PROBLEM DESCRIPTION:
The part below that opens with the line containing "If you add a" and closes with the line containing "The data category" should be copied exactly, minus any pictures.

Source records:
▬▬▬▬▬▬

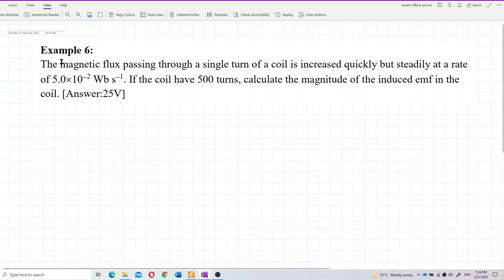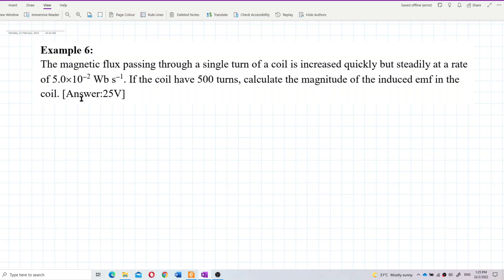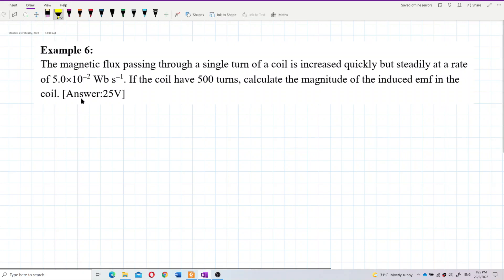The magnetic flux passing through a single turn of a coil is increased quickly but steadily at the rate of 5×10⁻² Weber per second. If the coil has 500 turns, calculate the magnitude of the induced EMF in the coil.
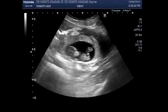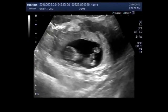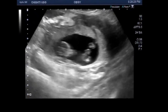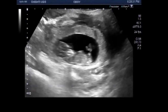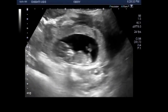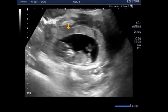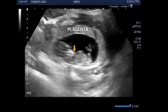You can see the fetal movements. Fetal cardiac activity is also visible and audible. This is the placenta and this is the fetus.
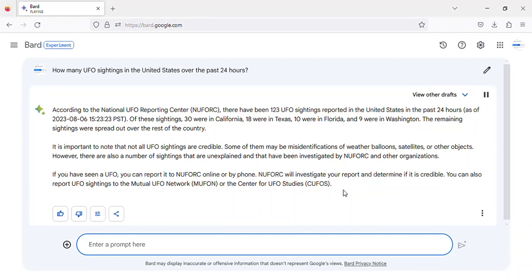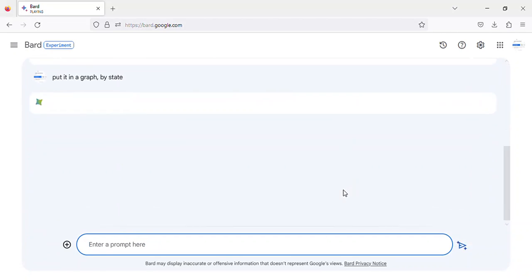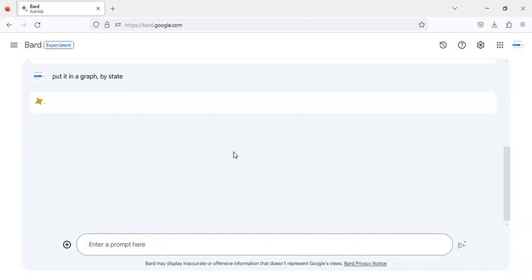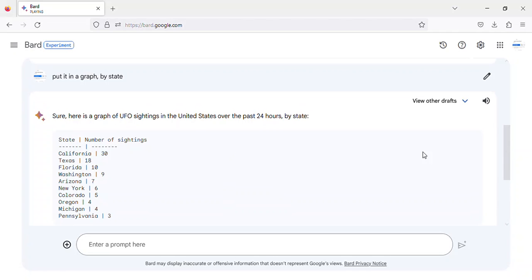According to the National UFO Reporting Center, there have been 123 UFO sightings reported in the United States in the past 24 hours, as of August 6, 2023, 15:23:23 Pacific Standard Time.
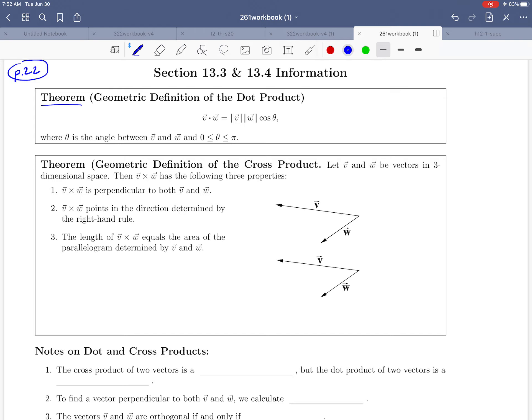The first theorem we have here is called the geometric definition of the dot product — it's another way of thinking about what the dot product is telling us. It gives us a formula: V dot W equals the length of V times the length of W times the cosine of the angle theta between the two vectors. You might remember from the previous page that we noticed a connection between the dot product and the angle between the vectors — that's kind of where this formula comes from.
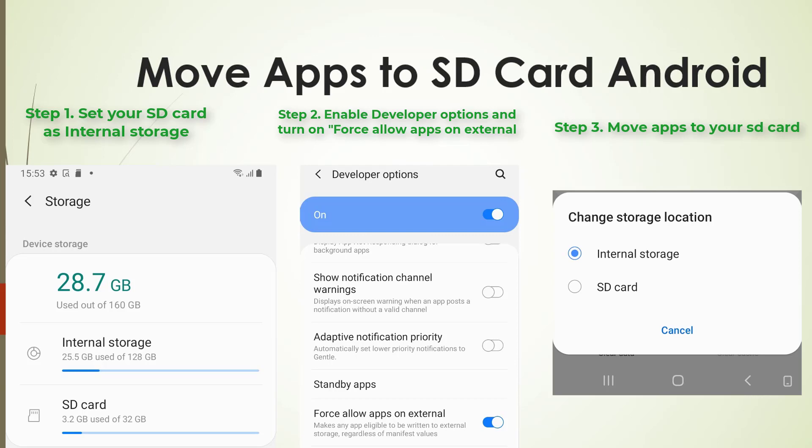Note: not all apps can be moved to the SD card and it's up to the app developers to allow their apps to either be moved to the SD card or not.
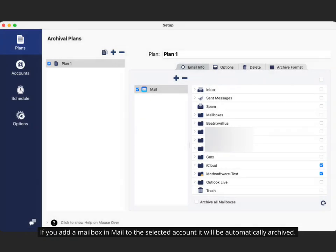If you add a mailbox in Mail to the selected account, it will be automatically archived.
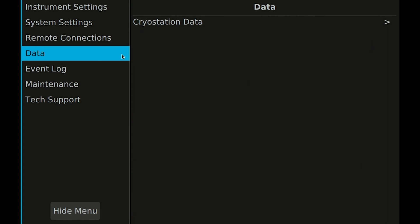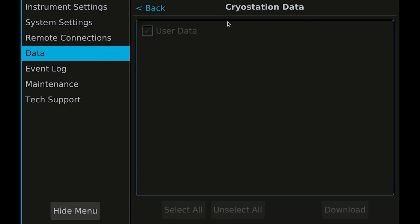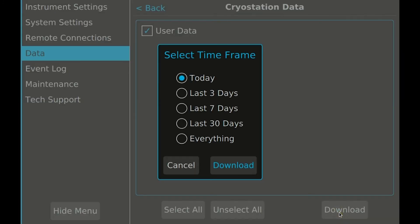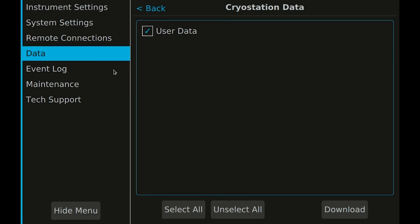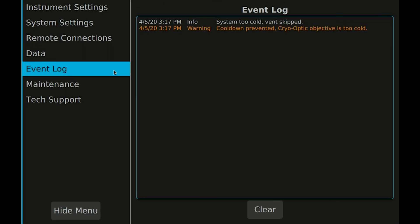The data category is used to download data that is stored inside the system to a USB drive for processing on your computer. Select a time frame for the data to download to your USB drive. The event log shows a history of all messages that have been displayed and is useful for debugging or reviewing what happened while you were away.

▬▬▬▬▬▬

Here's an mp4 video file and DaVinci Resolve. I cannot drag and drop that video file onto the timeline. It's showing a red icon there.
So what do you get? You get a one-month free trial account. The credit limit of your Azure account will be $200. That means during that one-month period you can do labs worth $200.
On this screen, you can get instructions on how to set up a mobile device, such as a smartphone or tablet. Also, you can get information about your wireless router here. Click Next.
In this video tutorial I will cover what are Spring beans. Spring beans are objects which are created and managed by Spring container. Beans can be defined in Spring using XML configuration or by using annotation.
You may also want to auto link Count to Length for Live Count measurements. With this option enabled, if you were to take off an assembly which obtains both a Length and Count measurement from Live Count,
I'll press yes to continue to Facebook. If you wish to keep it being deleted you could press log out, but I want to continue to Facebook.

▬▬▬▬▬▬

EXPECTED OUTPUT:
If you add a mailbox in Mail to the selected account, it will be automatically archived.
The data category is used to download data that is stored inside the system to a USB drive for processing on your computer. Select a time frame for the data to download to your USB drive. The event log shows a history of all messages that have been displayed and is useful for debugging or reviewing what happened while you were away.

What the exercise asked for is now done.